[Opening Data for this exercise section]
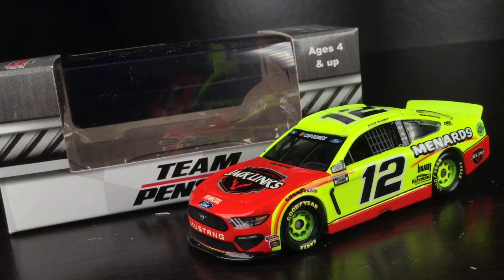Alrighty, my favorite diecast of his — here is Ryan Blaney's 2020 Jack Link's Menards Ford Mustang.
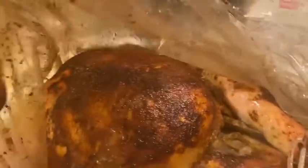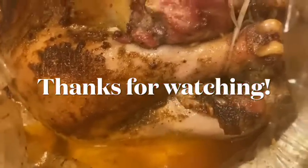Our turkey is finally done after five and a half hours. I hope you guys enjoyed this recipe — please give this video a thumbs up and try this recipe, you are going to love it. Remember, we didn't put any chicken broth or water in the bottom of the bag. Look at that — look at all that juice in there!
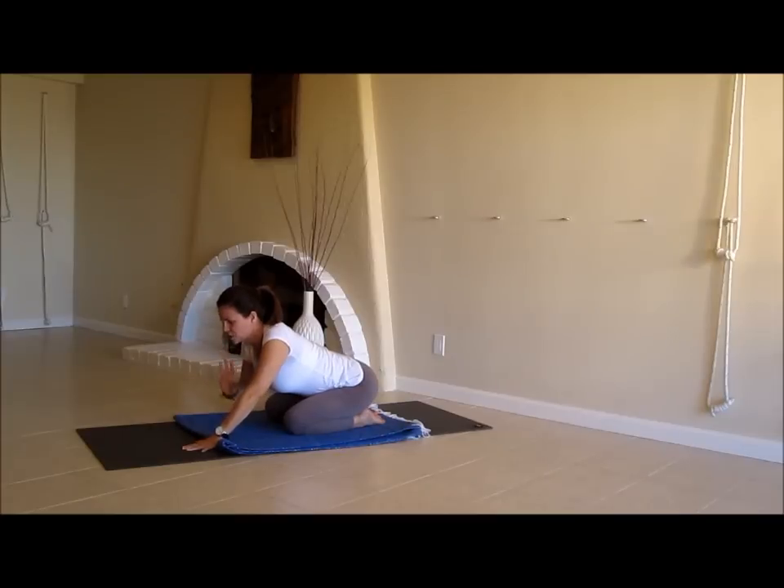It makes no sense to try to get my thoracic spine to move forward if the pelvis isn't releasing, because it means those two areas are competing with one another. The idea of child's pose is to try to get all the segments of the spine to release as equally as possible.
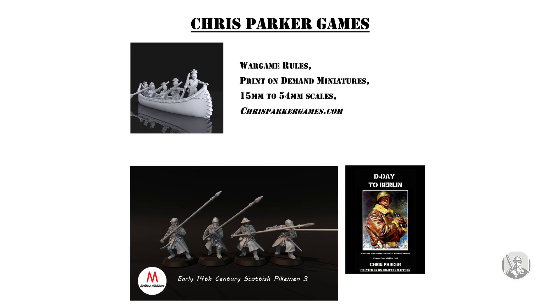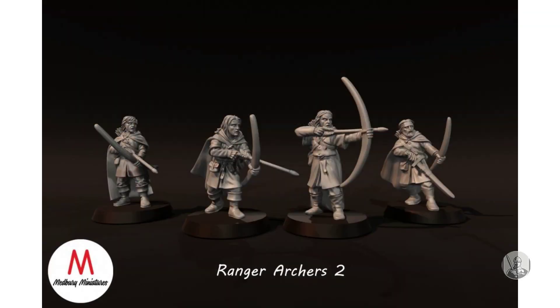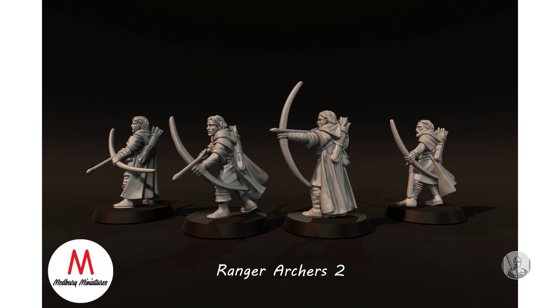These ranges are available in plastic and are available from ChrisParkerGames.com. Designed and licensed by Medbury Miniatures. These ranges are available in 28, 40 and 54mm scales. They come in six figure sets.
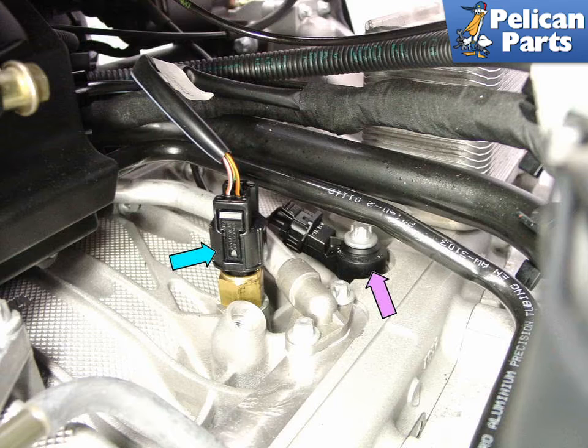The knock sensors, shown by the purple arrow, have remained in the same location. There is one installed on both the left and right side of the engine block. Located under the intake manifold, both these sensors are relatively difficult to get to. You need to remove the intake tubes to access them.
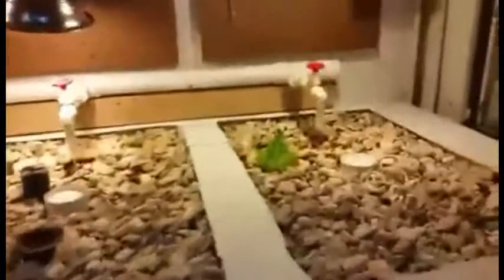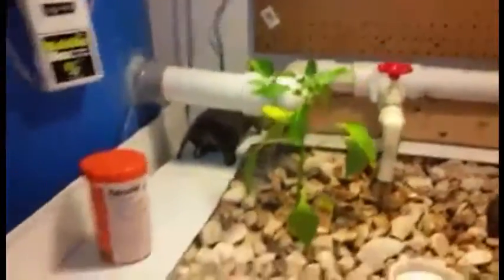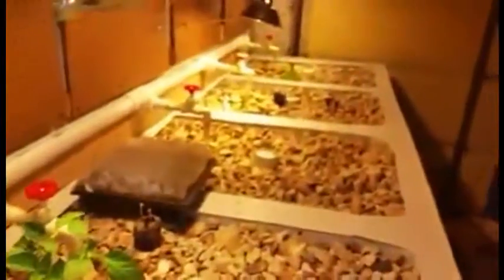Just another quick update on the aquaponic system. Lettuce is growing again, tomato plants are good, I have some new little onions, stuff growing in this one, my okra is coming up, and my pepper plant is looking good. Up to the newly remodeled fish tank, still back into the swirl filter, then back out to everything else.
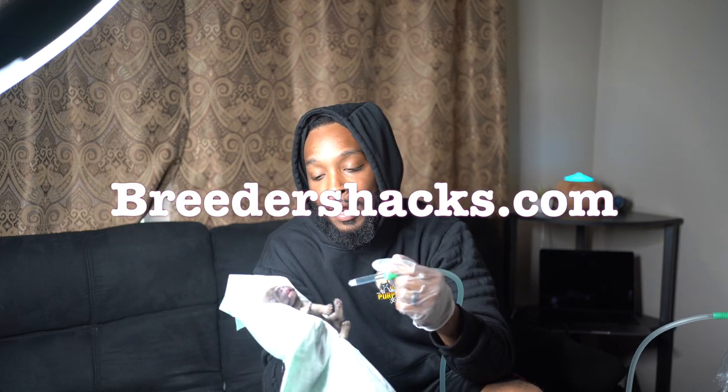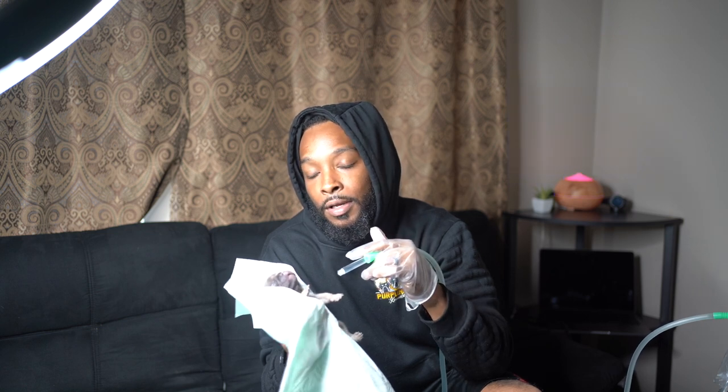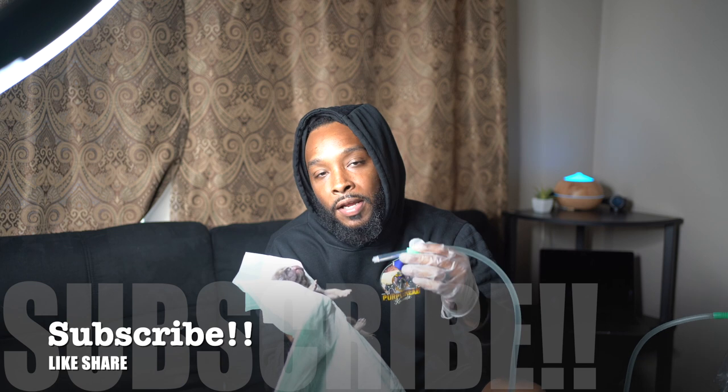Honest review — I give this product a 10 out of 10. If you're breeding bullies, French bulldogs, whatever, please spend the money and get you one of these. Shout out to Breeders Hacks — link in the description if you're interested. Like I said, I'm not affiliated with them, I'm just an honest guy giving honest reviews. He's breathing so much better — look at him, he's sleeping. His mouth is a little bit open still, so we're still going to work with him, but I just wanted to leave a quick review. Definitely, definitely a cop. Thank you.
[Closing Data for this exercise section]
Starting at the line that holds "Just another quick", retype every line through the end of the data, both ends included. Pictures stay out of the copy.

> _Your solution_
Just another quick update on the aquaponic system. Lettuce is growing again, tomato plants are good, I have some new little onions, stuff growing in this one, my okra is coming up, and my pepper plant is looking good. Up to the newly remodeled fish tank, still back into the swirl filter, then back out to everything else.
Honest review — I give this product a 10 out of 10. If you're breeding bullies, French bulldogs, whatever, please spend the money and get you one of these. Shout out to Breeders Hacks — link in the description if you're interested. Like I said, I'm not affiliated with them, I'm just an honest guy giving honest reviews. He's breathing so much better — look at him, he's sleeping. His mouth is a little bit open still, so we're still going to work with him, but I just wanted to leave a quick review. Definitely, definitely a cop. Thank you.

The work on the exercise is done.